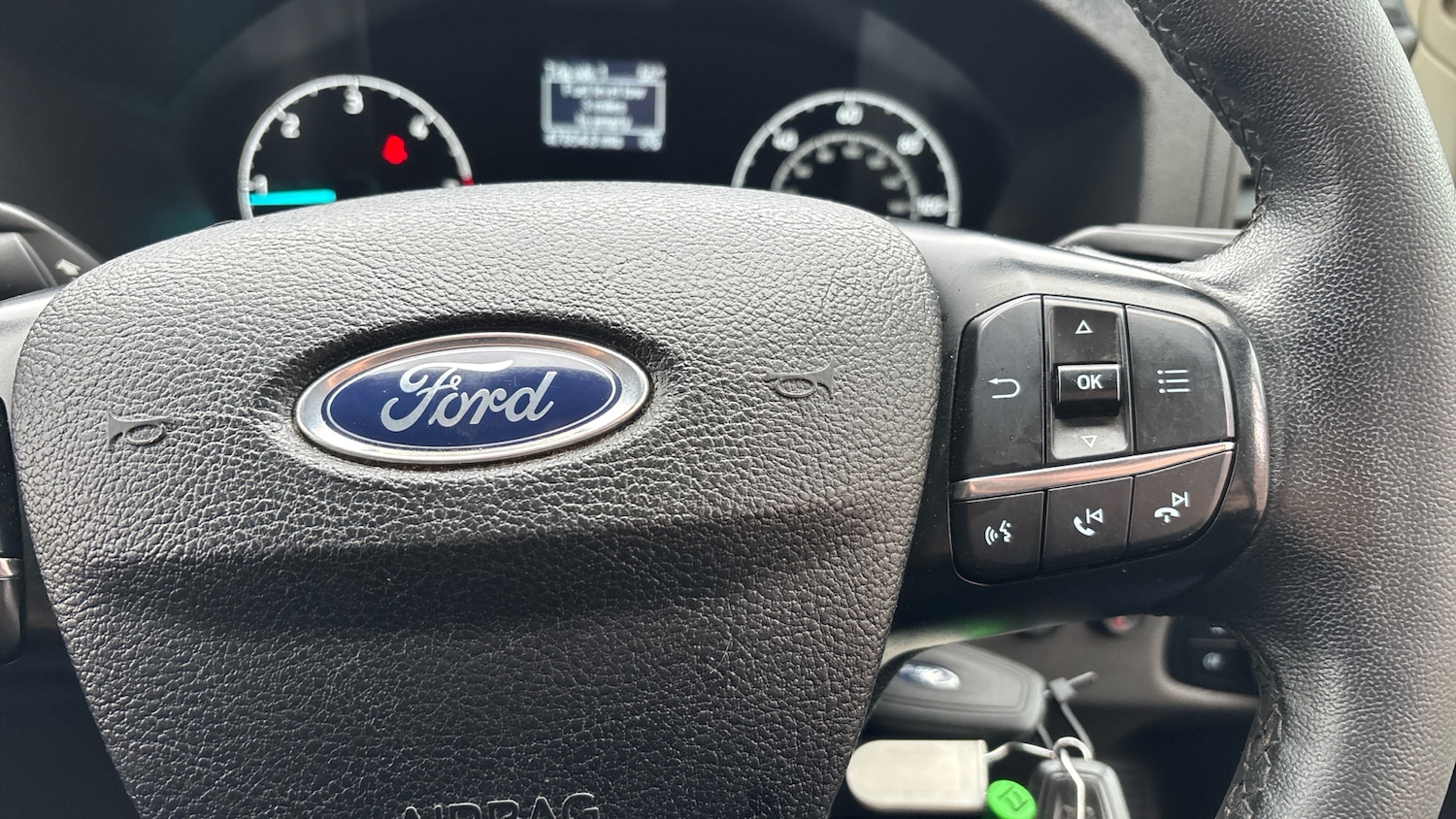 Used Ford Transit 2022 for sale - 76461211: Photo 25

::::::::

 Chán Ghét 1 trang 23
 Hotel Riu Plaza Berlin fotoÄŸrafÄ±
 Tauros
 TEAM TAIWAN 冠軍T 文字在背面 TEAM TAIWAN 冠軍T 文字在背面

::::::::

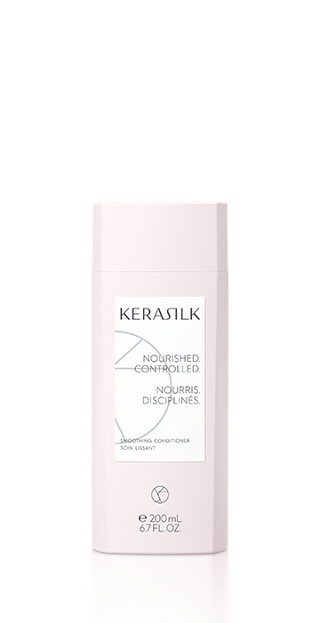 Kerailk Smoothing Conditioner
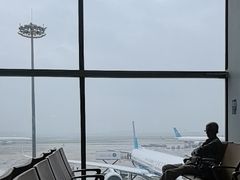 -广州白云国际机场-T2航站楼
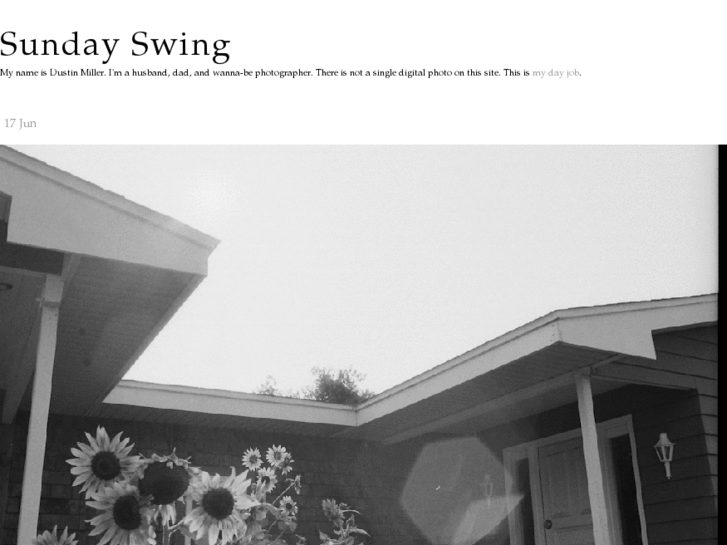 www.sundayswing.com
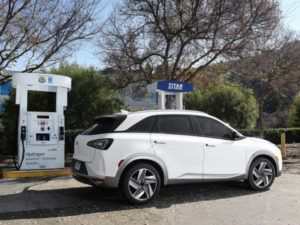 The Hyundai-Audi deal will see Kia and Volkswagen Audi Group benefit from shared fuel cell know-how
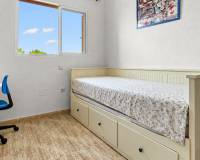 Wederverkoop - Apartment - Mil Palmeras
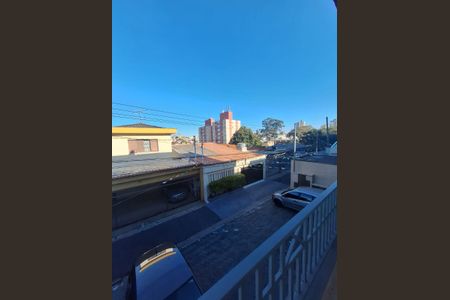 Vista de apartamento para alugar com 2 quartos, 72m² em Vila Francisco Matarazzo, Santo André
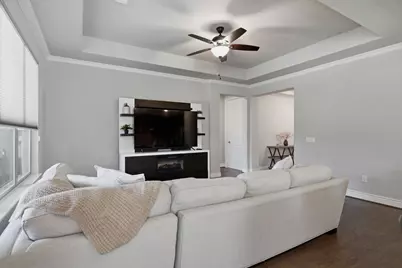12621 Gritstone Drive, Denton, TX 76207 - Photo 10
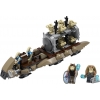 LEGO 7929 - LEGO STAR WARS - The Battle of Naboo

::::::::

Going by the entries above, repeat exactly the lines that start at the line with "Wederverkoop - Apartment - Mil Palmeras" and go on through the line with "LEGO 7929 - LEGO". Pictures are not part of the copy.

Solution to this problem:
 Wederverkoop - Apartment - Mil Palmeras
 Vista de apartamento para alugar com 2 quartos, 72m² em Vila Francisco Matarazzo, Santo André
12621 Gritstone Drive, Denton, TX 76207 - Photo 10
 LEGO 7929 - LEGO STAR WARS - The Battle of Naboo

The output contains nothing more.